Steampunk Bellydance Music, A Personal Opinion

steamgraphic

I enjoy Steampunk. I like the style, the manners, the mythos. The problem is that since it is completely fictional it is pretty hard to nail down exactly what it IS. What is Steampunk? What about Steampunk music? How do you determine what a genre sounds like? That has been a point of some discussion amongst fans of the genre, and as that genre has taken off in popularity of course it was only a matter of time before it crossed over into bellydance.

I’ve been giving this quite a lot of thought lately as some friends and I have been brainstorming for an upcoming Con where we plan to perform at a Steampunk themed fan suite. Since the Steampunk fashion style tends to base itself in Victorian era fashions I feel bellydance fits right in, as Orientalism was pretty popular in that era of real world history. I have found that a lot of dancers who adopt Steampunk as a style tend to be ATS®, Tribal fusion or 8 Elements™ dancers more often than traditional Egyptian, Turkish, Lebanese, etc. As an Egyptian style dancer I have found it to be a challenge to find anyone on YouTube for inspiration.

When considering what I look for in Steampunk music I have to admit my burlesque sensibilities definitely have an influence. I imagine something fun and upbeat. I feel that there should be fewer electronic instruments and more people powered or potentially steam powered sounds. Imagining what might be popular in pubs or at fairs during Victorian times I would lean more toward accordions, violins, pianos, banjos and brass instruments. This era encompasses quite a stretch of time, and includes John Phillip Sousa and Gilbert and Sullivan, as well as minstrel troupes and familiar southern ballads. That’s a lot of material to work with.

Most people who are in the know would immediately think of Abney Park. They are great, but if you want a little variety the following are some favorite artist of mine who may just fit the bill:

  • Gogol Bordello – Start Wearing Purple, Occurrence At The Border, Baro Foro, The Other Side of Rainbow, etc.
  • Viza (or Visa) – Carnivalia, Meet Me at the Troubadour, Breakout the Violins, etc.
  • Shantel – seriously, just about anything by Shantel, including the Bucovina Club compilation albums he produced.
  • Beats Antique – I know, you all were going to say that already!

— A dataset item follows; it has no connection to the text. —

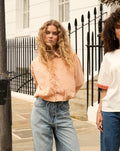 BUBBLE HEM  BLOUSE ORANGE STRIPE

Obvs!

I’ve always been partial to Die Eier Von Satan by Tool, but I get a Diesel Punk vibe off of that song. Maybe I am splitting hairs there.

Just this year a compilation album called “Steampunk Experiment: Mechanical Cabaret” came out; I believe it was produced by Bellydance Superstars. It is a pretty good album in its own right, but most of the music would really qualify as Electronica or Dubstep. It just did not seem to meet the promise of its title.

There are other artists, like Rasputina for example, who may fit in the Steampunk music genre, but they are not necessarily conducive to belly dancing.

If you have any favorite artists you think would be great for Steampunk bellydance please comment!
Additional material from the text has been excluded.